The top seasons are by Bonds, Williams, and Mantle.  McGwire 1998 is up there (8.6).  Norm Cash 1961 also passes the 8 SD mark (8.5), the best year by a guy not thought of as a HOF type hitter.

Back to Edgar, his 1995 season is + 7.0


#7          (see all posts) 2008/08/06 (Wed) @ 02:38

Over his first 64 PA plate appearances of 2004, Barry Bonds had a wOBA of .740, which translates to +6.74 SD above a .340 wOBA.  This is about equal to the SD of a .380 hitter over 6400 PA, or 10 years.  That is much higher than, for instance, Jim Rice’s entire career.

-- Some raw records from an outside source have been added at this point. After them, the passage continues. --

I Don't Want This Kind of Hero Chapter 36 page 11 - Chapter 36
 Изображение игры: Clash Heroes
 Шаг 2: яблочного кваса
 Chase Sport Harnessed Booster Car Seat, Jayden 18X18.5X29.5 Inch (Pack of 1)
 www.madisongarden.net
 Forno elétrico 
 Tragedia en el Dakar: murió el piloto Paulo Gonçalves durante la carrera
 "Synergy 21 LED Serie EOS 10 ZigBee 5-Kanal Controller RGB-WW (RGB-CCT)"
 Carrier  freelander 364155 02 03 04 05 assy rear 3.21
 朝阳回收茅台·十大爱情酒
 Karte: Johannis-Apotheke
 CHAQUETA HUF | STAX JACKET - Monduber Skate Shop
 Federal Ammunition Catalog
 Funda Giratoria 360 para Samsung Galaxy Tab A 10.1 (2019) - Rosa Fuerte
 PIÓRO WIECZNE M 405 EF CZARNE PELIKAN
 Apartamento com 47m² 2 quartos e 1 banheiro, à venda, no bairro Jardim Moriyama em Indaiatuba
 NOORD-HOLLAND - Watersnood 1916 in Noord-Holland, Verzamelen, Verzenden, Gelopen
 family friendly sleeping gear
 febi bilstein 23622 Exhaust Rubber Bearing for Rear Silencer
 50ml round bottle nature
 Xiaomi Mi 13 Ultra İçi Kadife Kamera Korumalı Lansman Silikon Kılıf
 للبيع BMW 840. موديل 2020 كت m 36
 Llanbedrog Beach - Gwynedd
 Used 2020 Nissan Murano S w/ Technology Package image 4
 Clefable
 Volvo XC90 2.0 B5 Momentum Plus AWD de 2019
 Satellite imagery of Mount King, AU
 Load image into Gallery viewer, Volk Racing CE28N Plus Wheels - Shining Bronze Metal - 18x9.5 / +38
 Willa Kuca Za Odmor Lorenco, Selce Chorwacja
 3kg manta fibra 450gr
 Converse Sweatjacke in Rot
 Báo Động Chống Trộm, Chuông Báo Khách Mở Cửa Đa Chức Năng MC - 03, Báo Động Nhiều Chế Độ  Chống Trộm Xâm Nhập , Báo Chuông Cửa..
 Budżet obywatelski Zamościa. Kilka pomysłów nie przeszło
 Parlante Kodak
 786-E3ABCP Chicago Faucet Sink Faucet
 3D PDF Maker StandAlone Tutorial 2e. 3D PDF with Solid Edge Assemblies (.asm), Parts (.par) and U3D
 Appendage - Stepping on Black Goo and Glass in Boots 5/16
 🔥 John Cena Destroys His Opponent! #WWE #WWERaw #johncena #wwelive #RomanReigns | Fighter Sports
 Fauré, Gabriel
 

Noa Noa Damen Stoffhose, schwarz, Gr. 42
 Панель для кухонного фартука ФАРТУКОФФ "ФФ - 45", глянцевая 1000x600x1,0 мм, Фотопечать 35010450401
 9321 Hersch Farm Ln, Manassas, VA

#8    tangotiger      (see all posts) 2008/08/06 (Wed) @ 07:05

But what about if you only looked at Rice’s peak, since he obviously had alot of filler seasons in there that simply drag him down.

Also, as noted, I think I prefer the .260 baseline (or thereabouts), to handle the Kevin Maas issue.  In fact, ALL hitters will have a Kevin Maas issue, since everyone will have had say a 100 or 200 PA string in which their performance was 5 or 6 SD above the .340 mean.  That’s why lowering it to .260 might make more sense, in that it rewards longevity.

As you can see by the manipulation of the baseline, you kind of are fitting the model to the data.  But, that’s really what we are trying to do.  We know greatness (Koufax, not Shane Spencer) when we see it, and so you want a model to reflect that.

If you are happy with the model, then you must accept its conclusions.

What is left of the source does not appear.